Era casi imposible estar más en desacuerdo en lo que fuera. Si hablábamos de política, ellos consideraban que en el momento actual el presidente en funciones debería compartir el gobierno con los de Podemos y admitir sin problemas a todos los que este partido propusiera, empezando por esa eminencia llamada Irene Montero a la que ellos veían capacitada para cualquier tarea de gobierno y a la que no ponían pega alguna en cuanto a su categoría personal. Por supuesto, todo esto entre afirmaciones que dejaban bien en claro que la valoración que ambos hacen de mi actitud personal viene a ser la de que soy alguien de ultraderecha, aunque claro está, ellos me aprecian por encima de esta manera mía de ser y pensar. Generosidad incuestionable.

Inevitablemente, pasamos a tratar de la inmigración y de esos barcos que se ganan −muy bien− la vida transportando a todo lo que encuentran, desde las playas de Libia a España. Es inútil que yo pregunte, como hago siempre, qué se supone que se debe hacer con los 31 millones que esperan venirse a España −en 2015 eran 20 millones−, según la encuesta realizada sobre el terreno por el Instituto Gallup, además de otras decenas de millones cuyos ojos están puestos en Francia, Italia, Alemania, etc. A Bulgaria, Rumanía, Ucrania y en general todos los del Este no quiere ir nadie, porque su desesperación no llega a tanto según se ve.
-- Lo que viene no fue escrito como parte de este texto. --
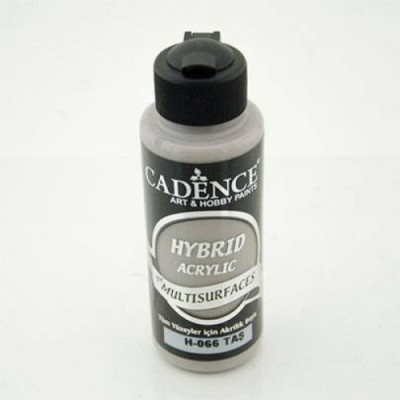 Універсальна акрилова фарба Hybrid Acrylic for Multisurfaces Cadence № 66, 120 мл, Stone Камінь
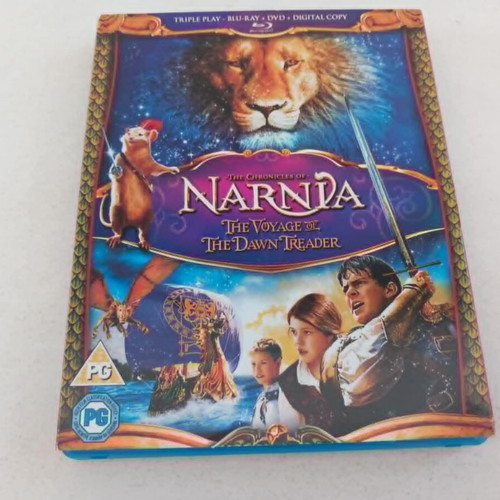 The Chronicles of Narnia The Voyage of the Dawn Treader Blu-Ray used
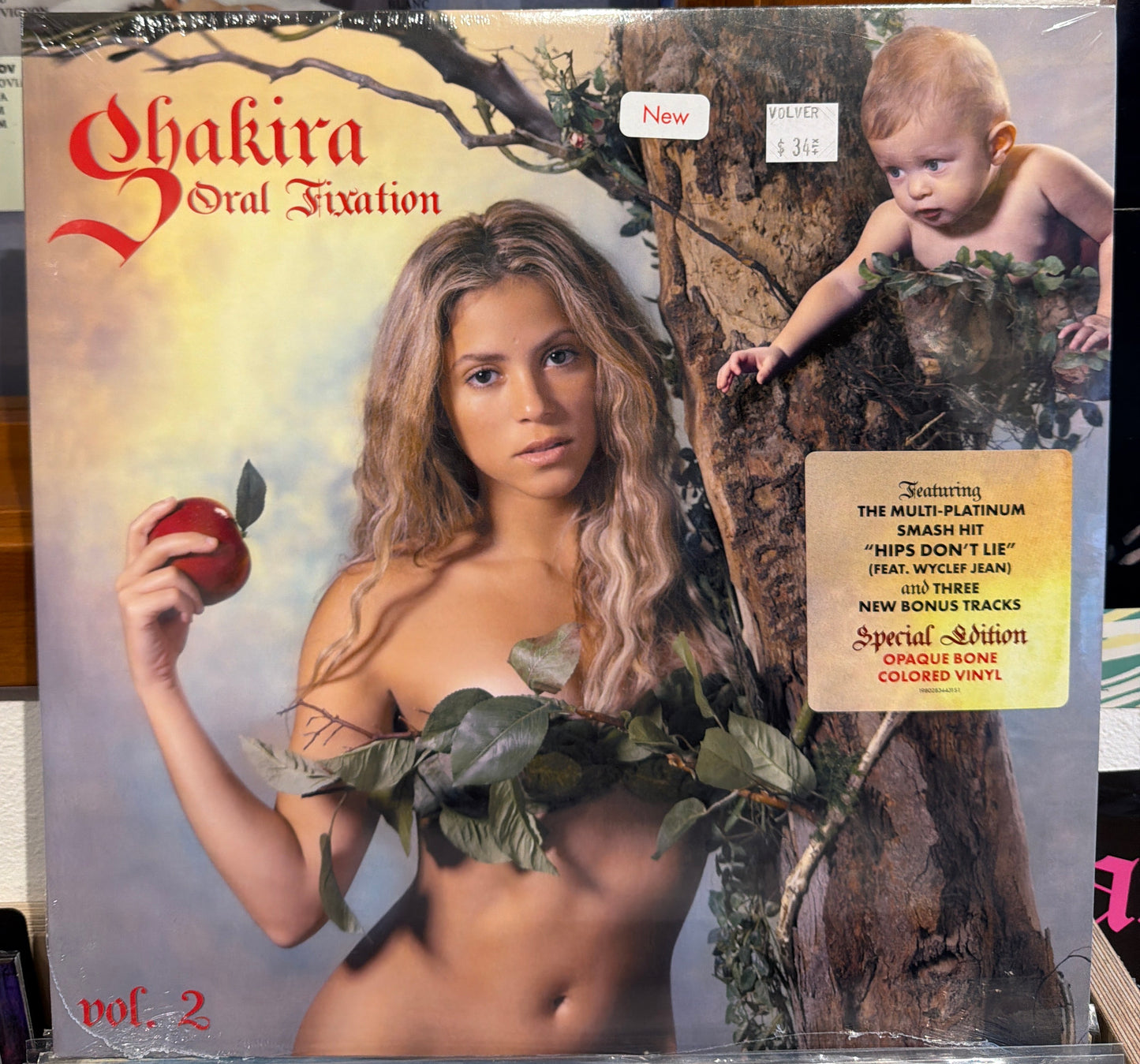 Shakira - Oral Fixation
Como es natural, no obtuve respuesta y sí una llamada a mi humanidad y posible deseo de justicia; lo de siempre. No entiendo cómo todos los que se sienten tocados en el corazón por el drama de todos estos africanos, no tratan de dedicar un par de minutos de sus pensamientos a resolver cómo podríamos practicar esa generosidad «hasta el infinito y más allá» sin cargarnos el país que ahora pisamos con nuestros pies.

Por supuesto, se trató el asunto del feminismo talibán que ahora está en alza, pero no quise prestarme a discutir un asunto que, sin duda, está completamente fuera de control. Ahí tenemos de actualidad el tema de Plácido Domingo al que se le arruina su vida profesional y familiar por unos sucesos que se dice que tuvieron lugar hace unos 35 años y sobre los que, por descontado, no se aportan pruebas, aunque se le condena sin más. Obra del #MeToo.

Finalmente, surgió el sempiterno asunto de la homosexualidad. Llegó traído de los pelos por mis amigos cuando yo me encontraba hablando de una obra de alguien a quien admiro como escritor: Javier Marías. Afirmaban que era absolutamente homosexual esperando con ello que yo abjurara de mi admiración y pasara a repudiarlo, ignorando que no condeno a nadie por ser tal cosa y sí por exhibirse como tal. Desde luego que no me gustaría que eso fuera cierto, como no me gustaría descubrir que se trata de alguien con comportamiento rijoso, pero ahí queda todo.

A una hora ya tardía terminamos la jugosa conversación con las tradicionales muestras de cariño y volvimos para casa mientras que yo meditaba de lo asombroso de que ellos y yo no nos atacáramos con cuchillos al tratar de nuestras convicciones. Pura civilización, imagino.